DATA FOR ANALYSIS:
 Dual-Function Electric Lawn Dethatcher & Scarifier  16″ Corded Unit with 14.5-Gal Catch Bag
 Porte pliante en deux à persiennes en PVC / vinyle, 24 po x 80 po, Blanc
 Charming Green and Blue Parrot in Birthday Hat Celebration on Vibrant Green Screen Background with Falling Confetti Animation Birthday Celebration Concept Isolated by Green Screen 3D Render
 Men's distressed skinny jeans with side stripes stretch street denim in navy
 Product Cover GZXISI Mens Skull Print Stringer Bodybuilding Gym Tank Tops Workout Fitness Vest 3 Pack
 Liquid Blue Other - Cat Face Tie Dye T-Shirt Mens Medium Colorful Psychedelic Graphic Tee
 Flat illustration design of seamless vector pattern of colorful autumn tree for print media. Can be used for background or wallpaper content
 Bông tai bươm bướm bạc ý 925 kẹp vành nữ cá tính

...

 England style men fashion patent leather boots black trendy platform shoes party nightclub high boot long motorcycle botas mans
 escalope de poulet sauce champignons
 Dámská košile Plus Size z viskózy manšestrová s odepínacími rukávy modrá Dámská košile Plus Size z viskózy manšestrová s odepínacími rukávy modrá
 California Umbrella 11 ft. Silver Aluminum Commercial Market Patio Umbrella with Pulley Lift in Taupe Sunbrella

WORK ORDER:
From the data, pick out every line that includes "Blue".

TASK RESPONSE:
 Charming Green and Blue Parrot in Birthday Hat Celebration on Vibrant Green Screen Background with Falling Confetti Animation Birthday Celebration Concept Isolated by Green Screen 3D Render
 Liquid Blue Other - Cat Face Tie Dye T-Shirt Mens Medium Colorful Psychedelic Graphic Tee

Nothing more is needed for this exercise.